=== Description of the task ===
Restate every line of the material below word for word, skipping the images.

=== Supplied data ===
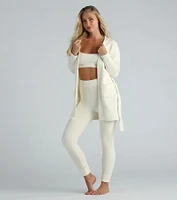 Tied Cozy Chenille Tie-Waist Robe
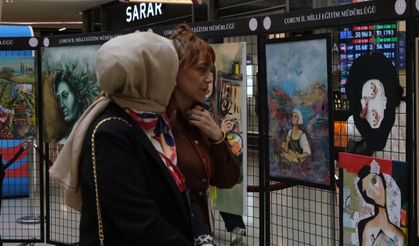 "Sanatın Işığında Kadın" temalı resim sergisi açıldı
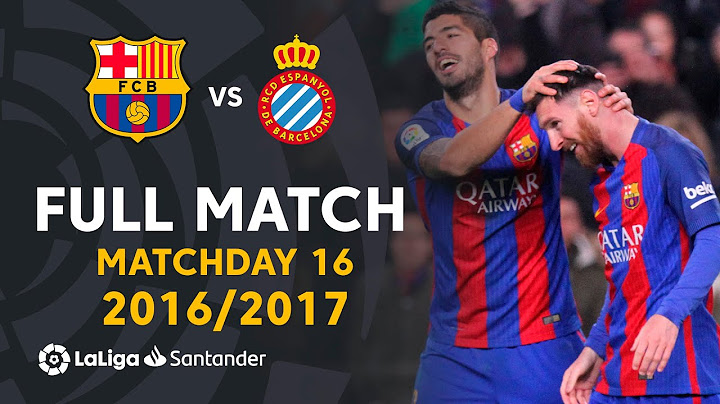 FC Barcelona vs RCD Espanyol (4-1) MD16 2016/2017 - FULL MATCH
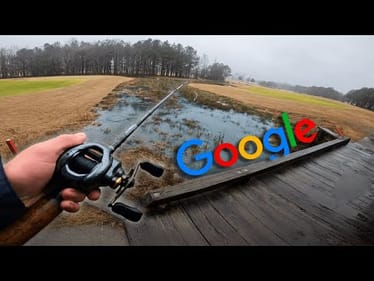 INTENSE GOOGLE MAPS Fishing Challenge!! -- (In A Rainstorm)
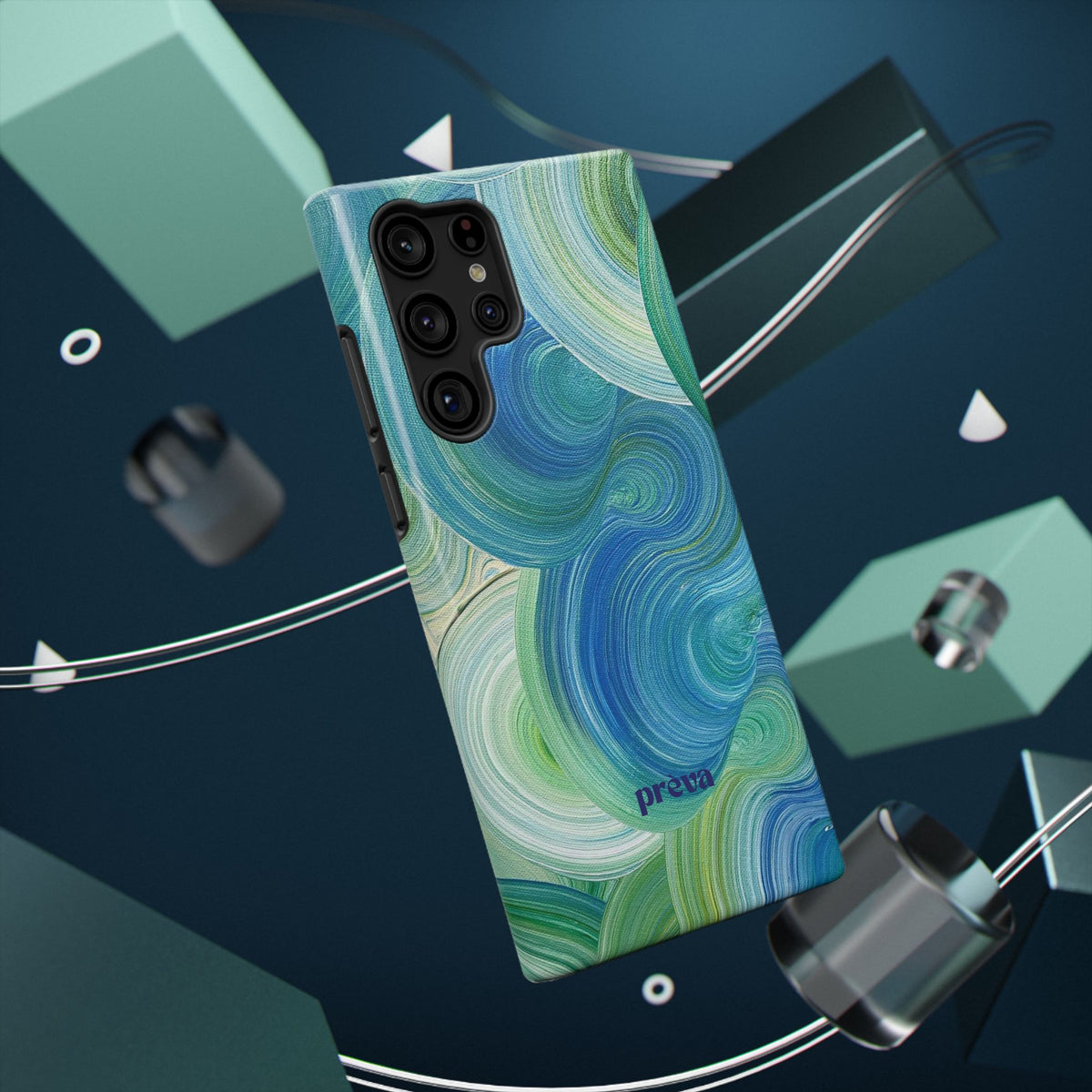 Swirling Ocean Impact-Resistant Phone Case
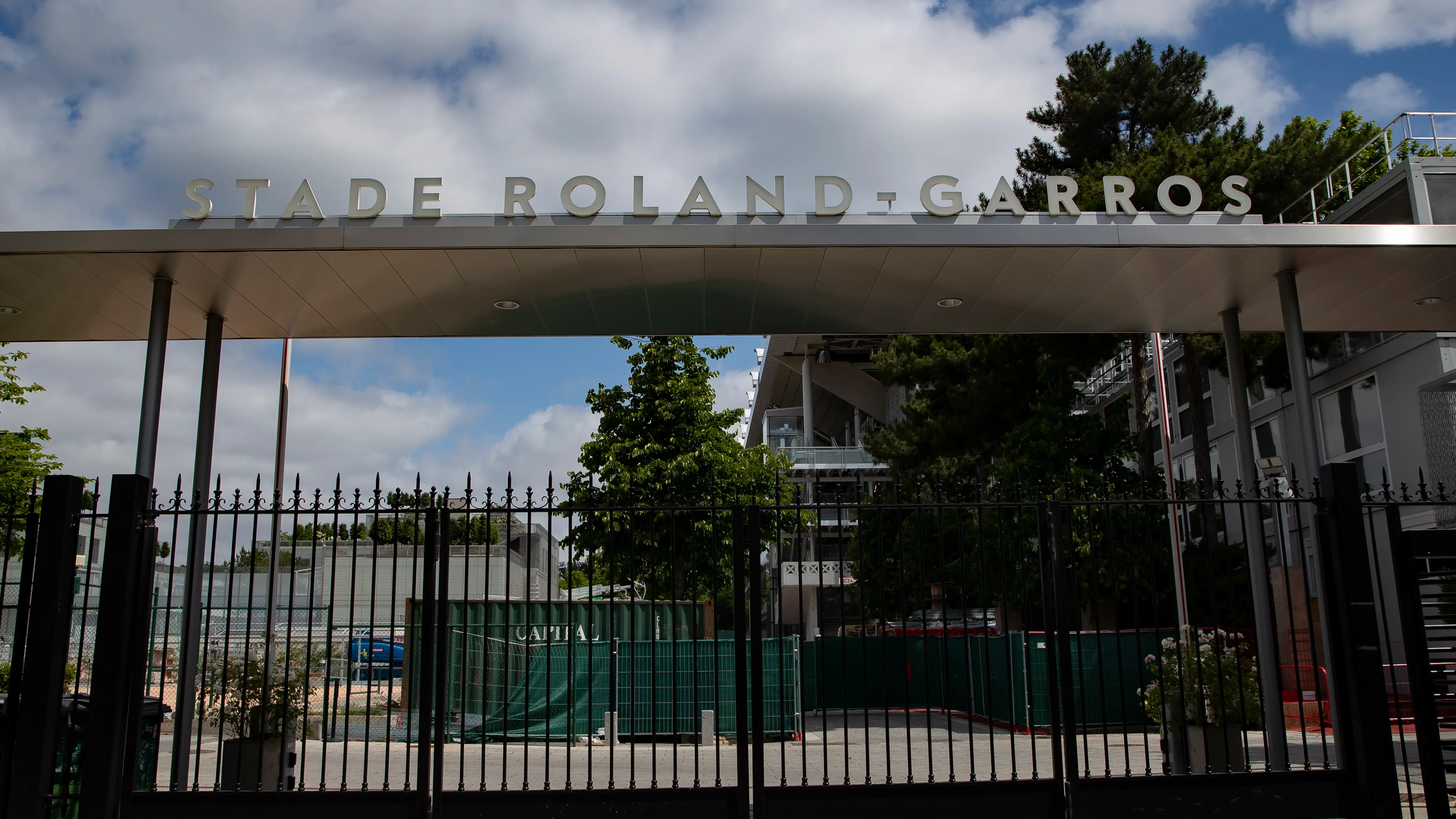 Acceso a las instalaciones de Roland Garros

=== Exercise result ===
 Tied Cozy Chenille Tie-Waist Robe
 "Sanatın Işığında Kadın" temalı resim sergisi açıldı
 FC Barcelona vs RCD Espanyol (4-1) MD16 2016/2017 - FULL MATCH
 INTENSE GOOGLE MAPS Fishing Challenge!! -- (In A Rainstorm)
 Swirling Ocean Impact-Resistant Phone Case
 Acceso a las instalaciones de Roland Garros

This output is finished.